I haven’t told my parents because they are without a doubt the most homophobic people on the face of this planet. So, while I have been having a good time with her, she just sat me down a few days ago and told me that she wants to have a sex change, but still wants to be with me. I am not apposed to being with a guy, it’s just that I fell for her, one of the reasons being that she is a girl. Along with trying to figure out who I am as a teenager, I don’t know what to do about this. I can’t really talk to my friends about this, but I saw this “ask Annabelle” part of your website and figured that you might be able to shoot some advice my way. Thank you for taking the time to read this, it means a lot.
Being a teenager in your first relationship is always a bit perplexing, but you seem to have the added pressure of being in a lesbian relationship, with parents who are intolerant of queer dynamics, while learning that your girlfriend may actually prefer to be your boyfriend, and still trying to figure out your own sexual orientation. I agree that this is a lot for a teenager to process! First off, although being able label oneself as being straight, gay, lesbian, or bisexual sometimes helps to clear some of the confusion, you are still at a point in your life where you are still figuring that all out, so I encourage you to take some time to process all that is happening before you try to decide whether you are attracted to men, women, or both. Secondly, some people believe that gender and sexuality are different things. As you stated, one of the reasons that you are attracted this particular person is because she is female.
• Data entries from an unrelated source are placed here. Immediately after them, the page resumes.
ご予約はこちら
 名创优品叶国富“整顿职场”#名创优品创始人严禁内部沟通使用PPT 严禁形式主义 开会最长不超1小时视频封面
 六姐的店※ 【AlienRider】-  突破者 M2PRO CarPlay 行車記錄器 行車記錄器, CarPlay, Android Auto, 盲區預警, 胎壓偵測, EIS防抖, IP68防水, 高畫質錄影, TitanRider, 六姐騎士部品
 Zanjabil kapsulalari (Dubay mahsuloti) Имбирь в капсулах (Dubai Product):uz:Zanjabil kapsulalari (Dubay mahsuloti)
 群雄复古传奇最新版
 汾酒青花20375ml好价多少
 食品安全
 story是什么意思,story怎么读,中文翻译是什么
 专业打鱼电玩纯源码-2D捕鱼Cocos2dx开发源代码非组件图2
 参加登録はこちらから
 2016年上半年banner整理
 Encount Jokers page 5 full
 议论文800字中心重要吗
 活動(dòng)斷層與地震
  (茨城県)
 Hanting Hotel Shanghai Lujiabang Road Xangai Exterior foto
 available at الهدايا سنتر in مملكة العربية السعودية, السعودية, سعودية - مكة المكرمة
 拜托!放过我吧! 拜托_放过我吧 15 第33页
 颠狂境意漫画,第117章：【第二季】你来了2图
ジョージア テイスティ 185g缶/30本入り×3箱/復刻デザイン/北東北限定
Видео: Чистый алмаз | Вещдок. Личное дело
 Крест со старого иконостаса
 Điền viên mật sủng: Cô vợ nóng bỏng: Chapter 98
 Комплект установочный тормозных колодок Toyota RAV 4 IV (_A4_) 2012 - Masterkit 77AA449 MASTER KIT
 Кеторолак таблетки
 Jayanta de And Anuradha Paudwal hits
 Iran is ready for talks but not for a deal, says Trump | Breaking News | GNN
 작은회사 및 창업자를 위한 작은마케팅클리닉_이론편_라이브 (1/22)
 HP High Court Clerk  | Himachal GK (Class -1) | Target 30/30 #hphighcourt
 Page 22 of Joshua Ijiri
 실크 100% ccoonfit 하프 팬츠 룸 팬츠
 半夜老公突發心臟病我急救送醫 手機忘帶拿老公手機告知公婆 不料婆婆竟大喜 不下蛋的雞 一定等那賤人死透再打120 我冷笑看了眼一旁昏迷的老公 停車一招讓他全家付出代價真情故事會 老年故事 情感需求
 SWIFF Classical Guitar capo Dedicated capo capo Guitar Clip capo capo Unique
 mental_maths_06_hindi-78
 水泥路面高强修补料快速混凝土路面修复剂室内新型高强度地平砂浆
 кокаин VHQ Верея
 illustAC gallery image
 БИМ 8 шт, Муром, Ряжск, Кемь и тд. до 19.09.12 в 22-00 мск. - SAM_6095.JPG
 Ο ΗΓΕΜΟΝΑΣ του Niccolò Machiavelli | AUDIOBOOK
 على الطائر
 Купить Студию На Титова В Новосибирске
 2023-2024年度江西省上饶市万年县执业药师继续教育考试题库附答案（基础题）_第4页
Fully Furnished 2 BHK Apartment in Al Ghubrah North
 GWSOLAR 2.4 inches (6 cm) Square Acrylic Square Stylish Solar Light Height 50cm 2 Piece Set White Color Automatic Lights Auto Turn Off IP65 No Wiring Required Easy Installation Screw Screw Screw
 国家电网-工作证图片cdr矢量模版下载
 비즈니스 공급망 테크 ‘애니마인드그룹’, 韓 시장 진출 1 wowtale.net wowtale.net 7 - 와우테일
Although you are not “opposed” to being with a guy, is a trans-queer relationship one that you can potentially see yourself in? This is a very dynamic topic, and, unfortunately, one that is too complex to be addressed fully in this column. I strongly encourage you to seek out more information while making your decision. There are great links that may be helpful, such as www.gender.org, which can provide you with a scope of resources. Finally, telling parents about any relationship that they may not approve of can be difficult and scary. I imagine that your parents’ “homophobic” views are contributing to some of your uncertainty given your current situation. I cannot tell you what action to take in regards to how much you chose to share with your parents, but I do encourage you to reach out to friends that will be open to your new relationship. If you feel that you don’t have a good network, seek out community LGBT groups that can provide you with support. I cannot emphasize how important and helpful peer-support is when coming out in a queer-relationship. Good luck!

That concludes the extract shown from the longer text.